I'm trying to be guardedly optimistic, but having just gone through what you describe (though I had bad valve clatter), I am also trying to prepare you for the worse.
Are you observing 10K mile oil change intervals (OCIs)?
I would suggest going to 5k mile OCIs going forward.
Make sure only fully synthetic 502.00/505.00 5W-40 or 0W-40 oil is used.
You could try this:
Do an oil and oil filter change, and hope that the CEL goes out and the idle returns to normal.
That could take 250+/- miles.
It has worked for other people.
I tried that - the idle did smooth, but the CEL stayed on.
Ultimately, VW found the P0011 code was still there, plus intake cam position sensor - implausible signal, and multiple misfires on cylinders 1, 2, 3 , & 4.
All codes related to Bank 1 (passenger side).
Try typing in w8forum.dk and see if you get to it - maybe hyperlinks aren't working?


----------



## vwportal (Jan 1, 2007)

*Re: Help!! Engine light (Brokecollegestudent)*

I have an 04 W8 6sp manual and oddly enough mine started doing the same thing this morning and emissions light went off. This happened a lot with my Tuareg, most of the time it the O2 sensor for emissions, your exhaust probably smells rich like mine.

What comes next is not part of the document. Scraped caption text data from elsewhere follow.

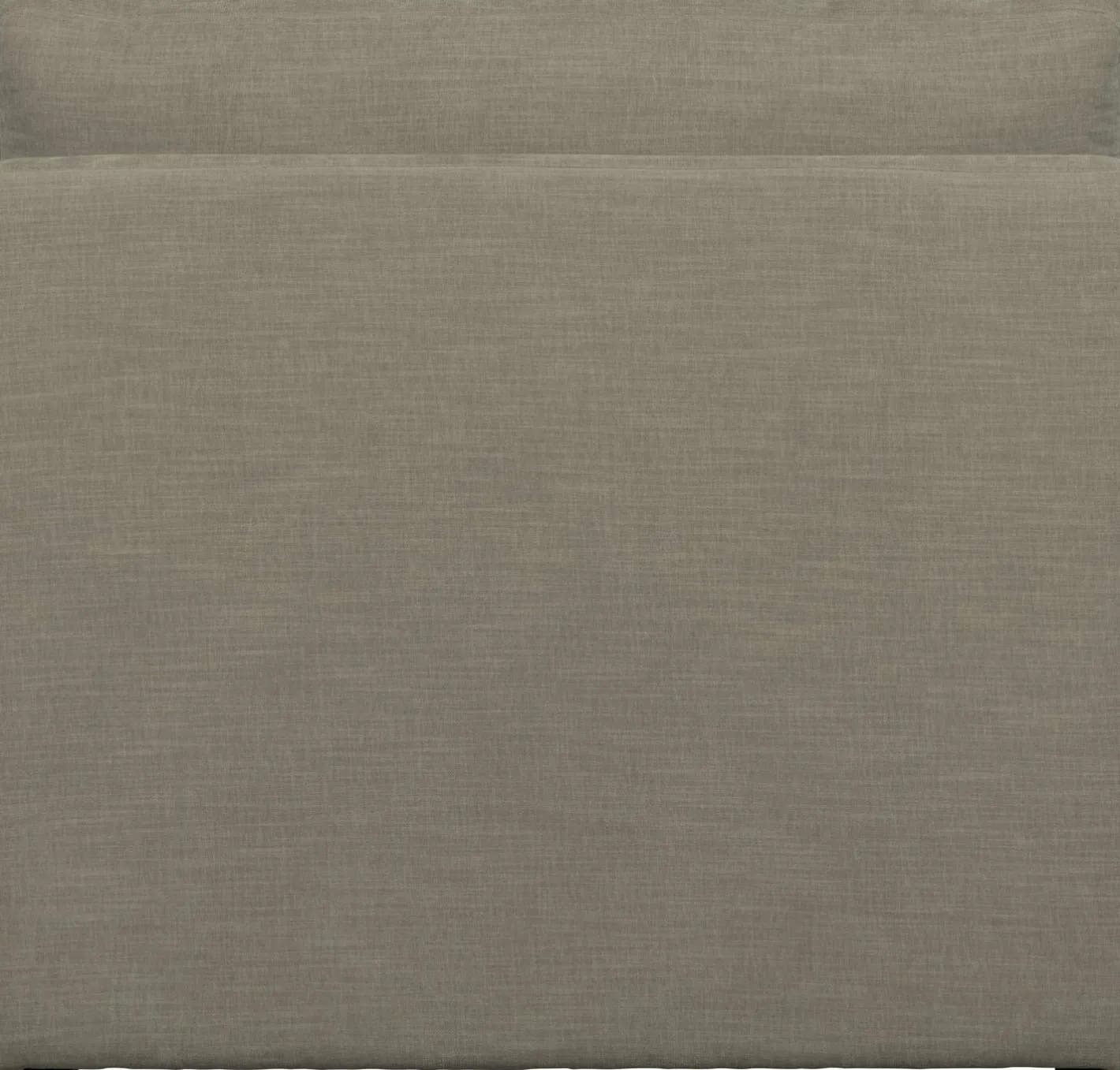 New vtwonen Family 1-zits Elementenbank Warm Grey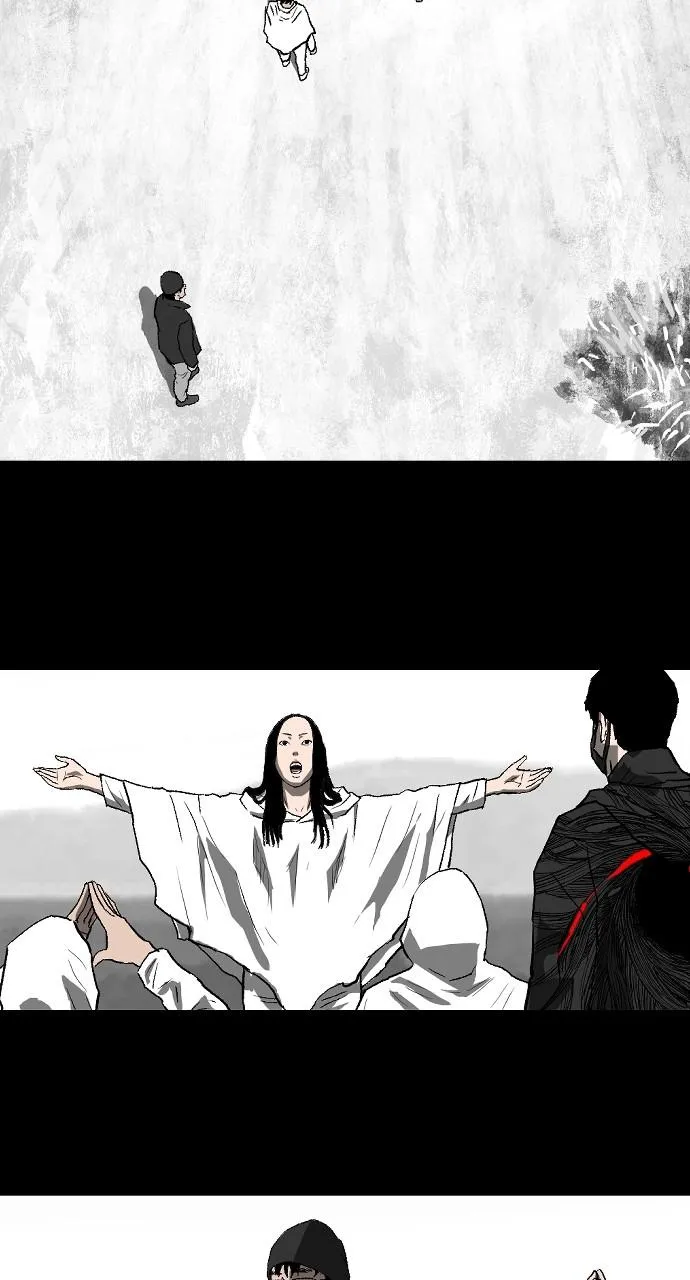 Hellbound 2: The Resurrected Chapter 19 Online - pƔgina 47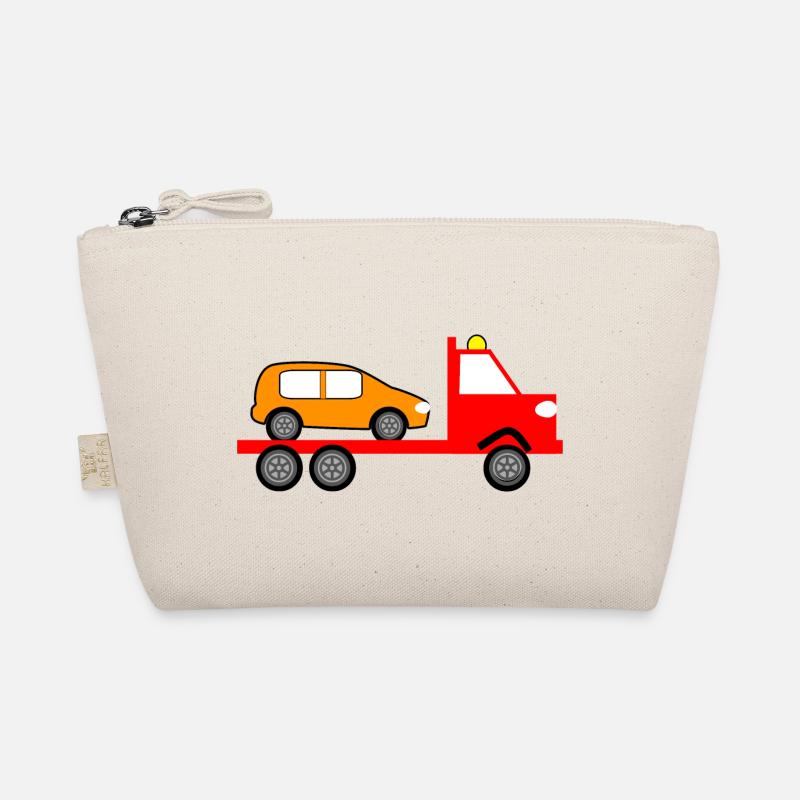 Camion Trousse biologique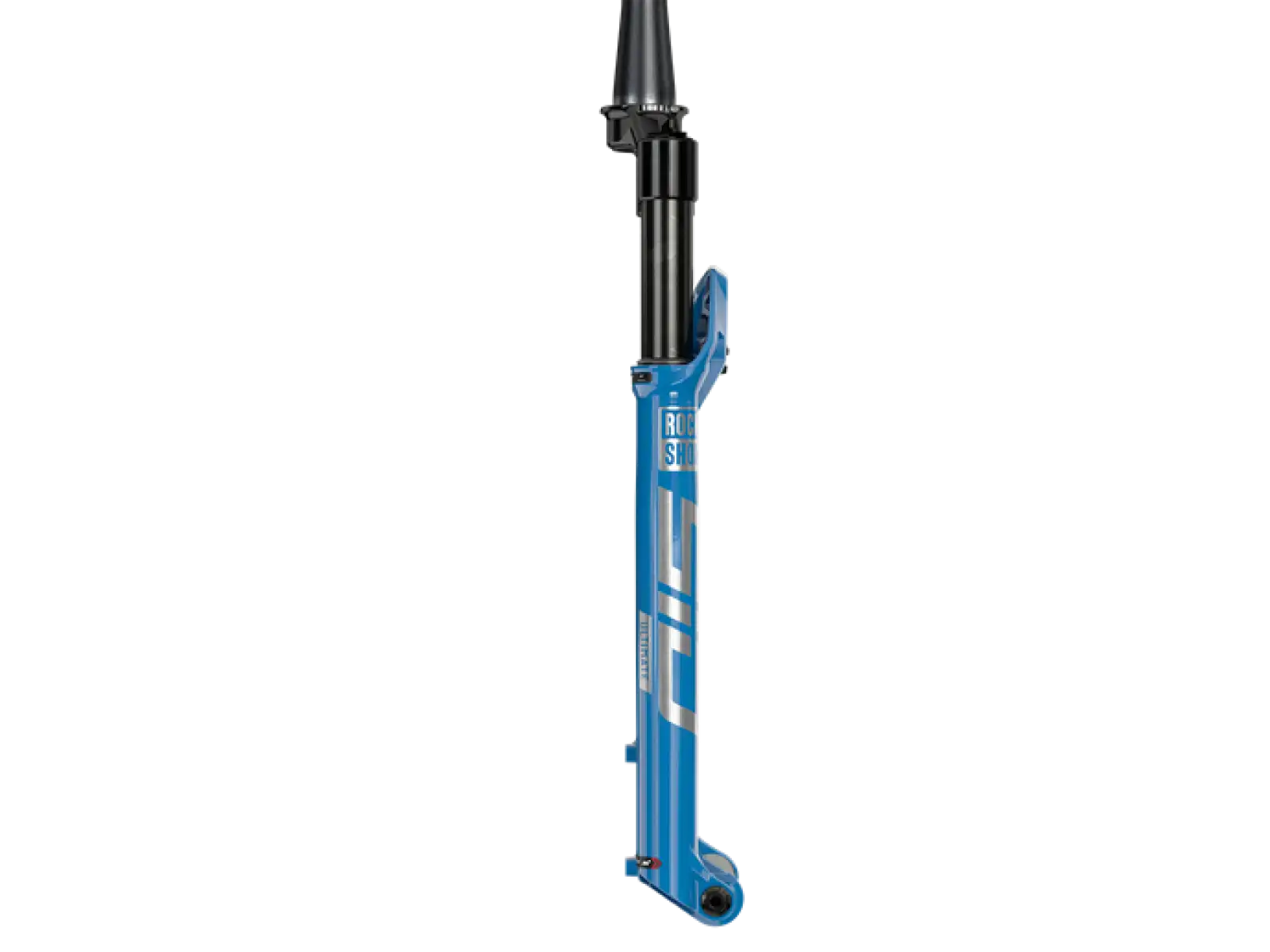 Rock Shox SID SL Ultimate RD RO C1 Boost 29" amortyzator przedni 44 mm offset Tapered Blue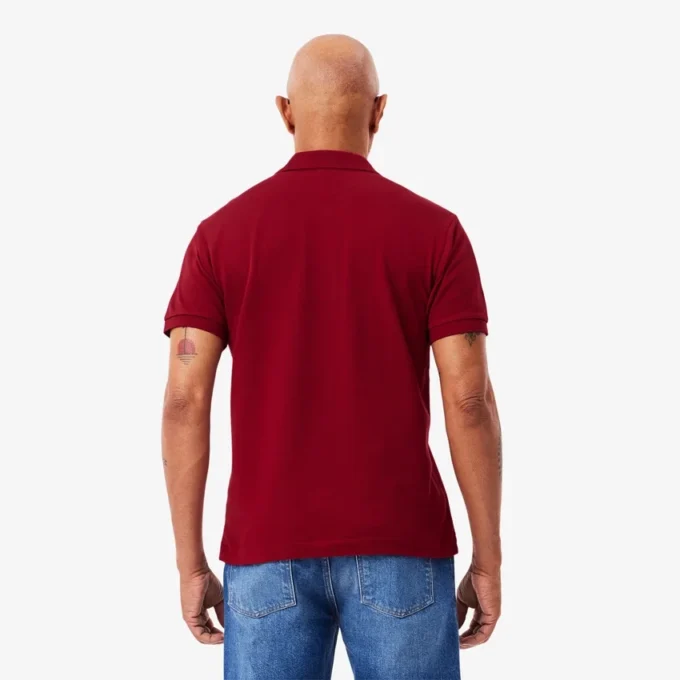 Polo Original L.12.12 da uomo, vestibilità classica Polo Original L.12.12 da uomo, vestibilità classica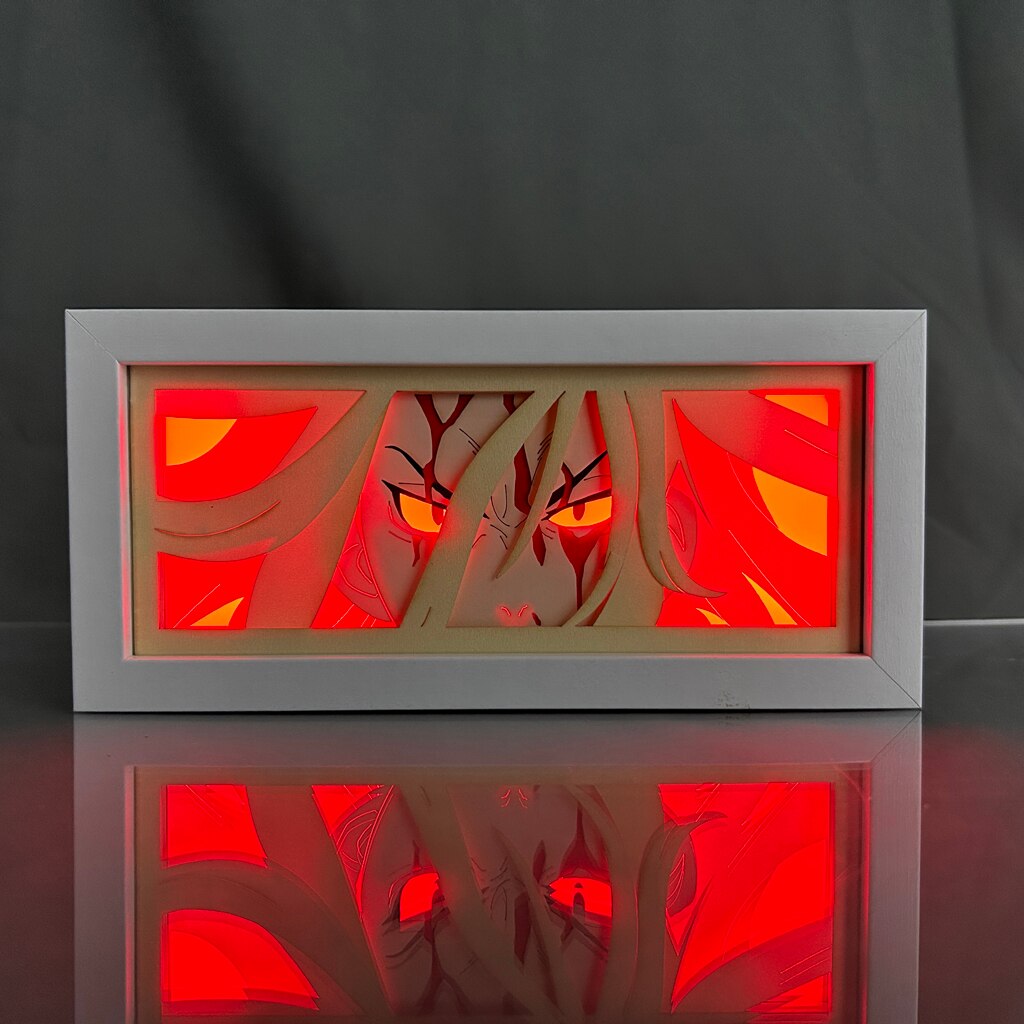 Tokyo Revengers Lightbox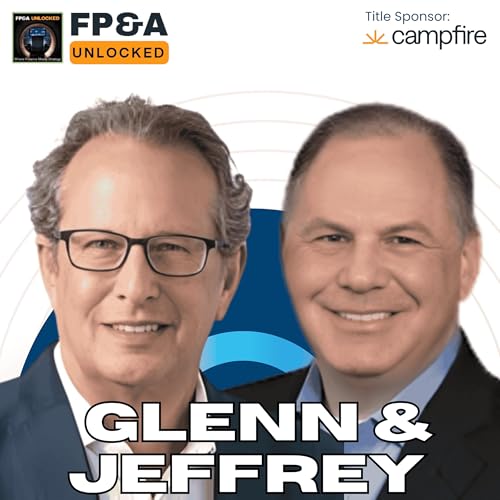 The Role Of FP&A In Being IPO Ready With Jeffrey Bernstein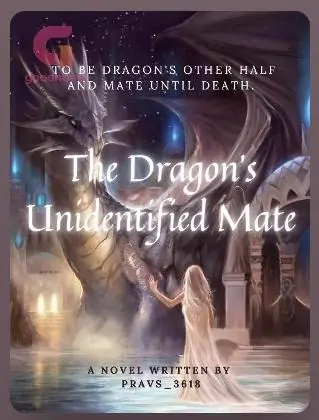 The Dragon Unidentified Mate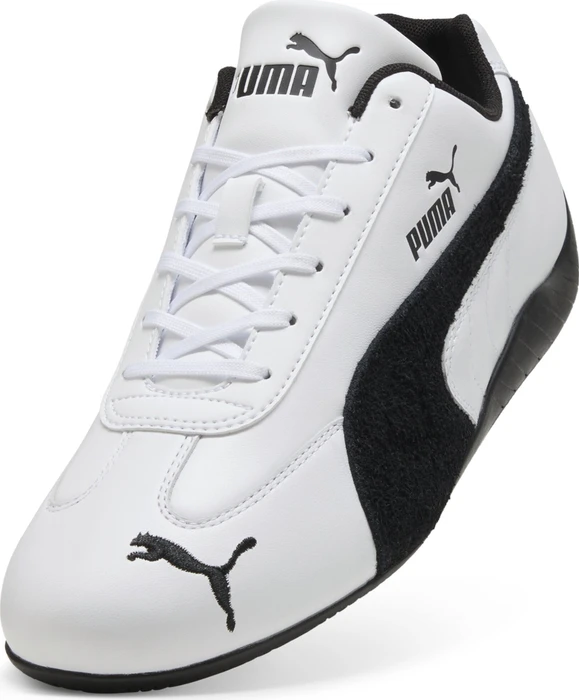 Puma Speedcat Leather puma white/puma black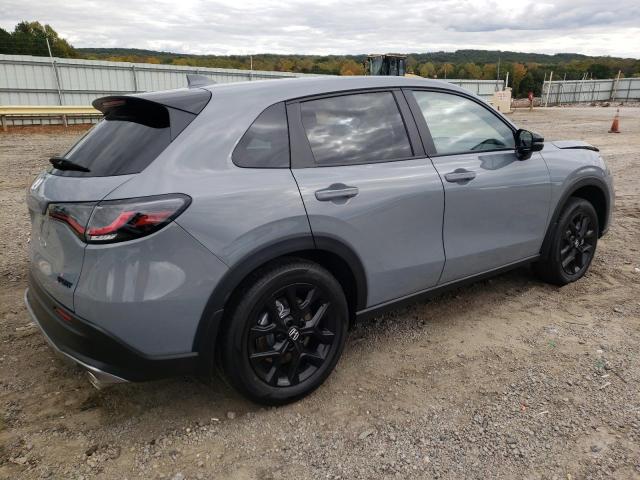 Image 3 of 2024 HONDA HR-V SPORT 2024 with VIN 3CZRZ2H52RM721384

I'm taking my car to the dealer this evening and I'll post an update.


----------



## remmyGLI (Jan 17, 2008)

*Re: Help!! Engine light (vwportal)*

best thing to do is get the car scanned with a vag com. could be as mentioned as above or could simply be a ignition coil.


----------



## BlueSteW8 (Jan 27, 2008)

*Re: Help!! Engine light (remmyGLI)*

A good number of auto parts stores will pull your code(s) for free.
Autozone, Checker, Pep Boys, etc.
The code(s) tell the story - not many W8 rough idles problems are as easy as a coil & spark plug change.
(My W8 was an early production MY2003 with a 6/2002 build date - all 8 ignition coils were replaced under the recall campaign before I owned it)


----------